Covid in HK & China, part 2: Where do we go from here?
I've had a "taste of Omicron" myself recently: Having been repeatedly exposed to different forms of Covid at work and outside for the last few months, the virus finally took hold and infected me. I had one night with poor sleep perhaps due to a mild fever, a day or two of runny nose and an occasional hourly cough, and then nothing but phlegm/post nasal drip for the following 8 days until testing negative two days in a row to rejoin society. I am fortunate to have been vaccinated three times which made the experience far more like a cold than a flu. I'd catch Omicron again in preference to another booster, personally: The booster caused two days of aches, exhaustion and fever which required two days off work. Omicron didn't require any time off.

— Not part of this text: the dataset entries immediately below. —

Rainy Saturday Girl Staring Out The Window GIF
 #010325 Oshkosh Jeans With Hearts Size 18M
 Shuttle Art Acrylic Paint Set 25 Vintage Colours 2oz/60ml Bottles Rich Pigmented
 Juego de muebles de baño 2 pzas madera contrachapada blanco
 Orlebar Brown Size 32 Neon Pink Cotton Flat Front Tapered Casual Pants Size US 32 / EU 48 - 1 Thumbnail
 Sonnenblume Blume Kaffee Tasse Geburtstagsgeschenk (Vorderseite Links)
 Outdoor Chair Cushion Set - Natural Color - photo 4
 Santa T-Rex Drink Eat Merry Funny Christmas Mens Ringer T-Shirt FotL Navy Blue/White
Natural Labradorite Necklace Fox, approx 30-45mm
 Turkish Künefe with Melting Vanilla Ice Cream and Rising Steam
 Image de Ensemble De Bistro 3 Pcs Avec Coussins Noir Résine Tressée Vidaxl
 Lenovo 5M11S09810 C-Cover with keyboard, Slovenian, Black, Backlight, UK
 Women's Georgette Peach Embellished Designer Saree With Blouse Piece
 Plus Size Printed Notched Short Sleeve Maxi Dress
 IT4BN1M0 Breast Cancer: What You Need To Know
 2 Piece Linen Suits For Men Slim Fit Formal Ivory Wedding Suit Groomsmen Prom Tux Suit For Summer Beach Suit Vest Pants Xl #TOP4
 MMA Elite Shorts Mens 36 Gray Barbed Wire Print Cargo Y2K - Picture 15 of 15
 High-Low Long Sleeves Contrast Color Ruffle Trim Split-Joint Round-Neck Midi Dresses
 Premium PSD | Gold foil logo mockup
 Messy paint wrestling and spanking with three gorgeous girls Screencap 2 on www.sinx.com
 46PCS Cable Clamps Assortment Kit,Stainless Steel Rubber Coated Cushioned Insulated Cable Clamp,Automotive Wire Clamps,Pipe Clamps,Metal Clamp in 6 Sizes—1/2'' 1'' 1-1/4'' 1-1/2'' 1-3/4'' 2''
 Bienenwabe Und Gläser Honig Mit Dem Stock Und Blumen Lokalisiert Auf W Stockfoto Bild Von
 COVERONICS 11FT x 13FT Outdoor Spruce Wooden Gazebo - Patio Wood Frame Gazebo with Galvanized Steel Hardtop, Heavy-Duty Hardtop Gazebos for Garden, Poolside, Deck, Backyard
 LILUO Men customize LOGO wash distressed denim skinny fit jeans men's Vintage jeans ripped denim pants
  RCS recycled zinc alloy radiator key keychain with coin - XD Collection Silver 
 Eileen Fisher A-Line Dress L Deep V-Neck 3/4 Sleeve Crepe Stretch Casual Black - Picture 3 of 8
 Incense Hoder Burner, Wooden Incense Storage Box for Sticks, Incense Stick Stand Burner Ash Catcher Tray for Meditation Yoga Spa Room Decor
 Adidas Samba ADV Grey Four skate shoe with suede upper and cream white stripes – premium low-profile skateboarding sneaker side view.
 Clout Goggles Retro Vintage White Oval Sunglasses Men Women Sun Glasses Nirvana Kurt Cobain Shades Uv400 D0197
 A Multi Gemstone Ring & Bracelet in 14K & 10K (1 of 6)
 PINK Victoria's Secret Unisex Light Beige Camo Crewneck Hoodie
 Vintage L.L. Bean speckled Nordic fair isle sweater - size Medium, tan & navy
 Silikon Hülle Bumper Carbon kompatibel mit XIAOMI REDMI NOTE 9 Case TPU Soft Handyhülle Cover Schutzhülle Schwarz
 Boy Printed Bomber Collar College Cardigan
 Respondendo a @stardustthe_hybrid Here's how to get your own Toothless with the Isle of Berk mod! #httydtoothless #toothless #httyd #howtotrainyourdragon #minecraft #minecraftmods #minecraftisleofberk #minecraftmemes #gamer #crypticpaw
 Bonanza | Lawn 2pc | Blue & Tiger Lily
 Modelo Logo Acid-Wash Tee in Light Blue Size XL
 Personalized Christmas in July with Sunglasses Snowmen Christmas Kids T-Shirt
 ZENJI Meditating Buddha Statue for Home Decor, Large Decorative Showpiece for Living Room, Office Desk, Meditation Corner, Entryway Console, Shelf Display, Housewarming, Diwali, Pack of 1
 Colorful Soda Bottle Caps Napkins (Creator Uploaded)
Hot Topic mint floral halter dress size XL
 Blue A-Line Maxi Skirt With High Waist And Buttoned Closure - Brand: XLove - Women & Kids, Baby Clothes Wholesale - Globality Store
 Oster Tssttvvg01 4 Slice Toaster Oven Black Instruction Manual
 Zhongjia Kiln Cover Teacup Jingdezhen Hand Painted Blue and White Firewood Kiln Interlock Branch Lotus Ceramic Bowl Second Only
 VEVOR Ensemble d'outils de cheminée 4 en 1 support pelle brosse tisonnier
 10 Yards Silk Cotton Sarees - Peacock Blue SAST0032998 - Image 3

Hong Kong: How we got to here
My last article on this subject went completely viral with over a hundred thousand views, lots of feedback and even some citations. The article claimed that the only useful, sustainable thing that could be done to minimise impact of Covid in Hong Kong would be to aggressively vaccinate the elderly. The article claimed that if the end goal was to go back to zero Covid in Hong Kong, this could not be accomplished without a mainland-style lockdown, and all the mucking around locking down buildings, testing and building quarantine centres was a waste of time. The concluding comments were as follows:
Ironically, regardless of all of this, unless the mainland model is adopted 100% after an extraordinarily long lockdown, in about 6-8 weeks Omicron will have ripped through the population anyway and cases will start to decline naturally. Many elderly will die. However the government will claim victory in declining cases but in fact it will be mother nature that's done its job. The cynic in me worries that even after that, international travel won't be reopened, because there's a greater desire to be isolated for some reason.
Indeed, I don't claim to be a prophet of any kind, but this is exactly what happened. The Covid cases peaked at probably well over 100,000 cases a day in early March, ripping through an estimated four million people, approximately two thirds of the population, and by late April had dropped back to triple-digits again. The cynic also proved right: International travel has not been reopened, continuing to harm the reputation of the city as the business and financial gateway to China. More and more business functions are moving to Singapore or elsewhere.
The quarantine policy has become asymmetric: People who catch coronavirus internationally have to quarantine in a hotel however people who catch coronavirus in the general Hong Kong society are afforded the luxury of home quarantine (if they even bother to declare the infection; I've heard of many people who caught covid and didn't even bother telling anyone and just stayed home for fear of being quarantined). Flights are rare and still get cancelled, unnecessarily punishing airlines and passengers, kids' lives and education continue to get disrupted and everyone has to walk around in the stifling heat - even outdoors, like idiots - with masks on. The population's mental health is in decline and suicides are up.
A tale of Shanghai and the mainland
Hong Kong took the path of allowing Covid to rip through the population, perhaps unwillingly with futile attempts at building lockdowns and testing, but it happened anyway. Shanghai has taken the opposite approach, the heavy-handed lockdown. Although such lockdowns worked well during the early days of the pandemic, with Omicron they won't work well. Such lockdowns are happening all over China, districts, neighbourhoods or buildings at a time. Friends there are fed up and stressed and people who can leave, are leaving. The mainland economy is probably in the worst shape of the last three days, with an economic crisis unfolding due to these draconian lockdowns.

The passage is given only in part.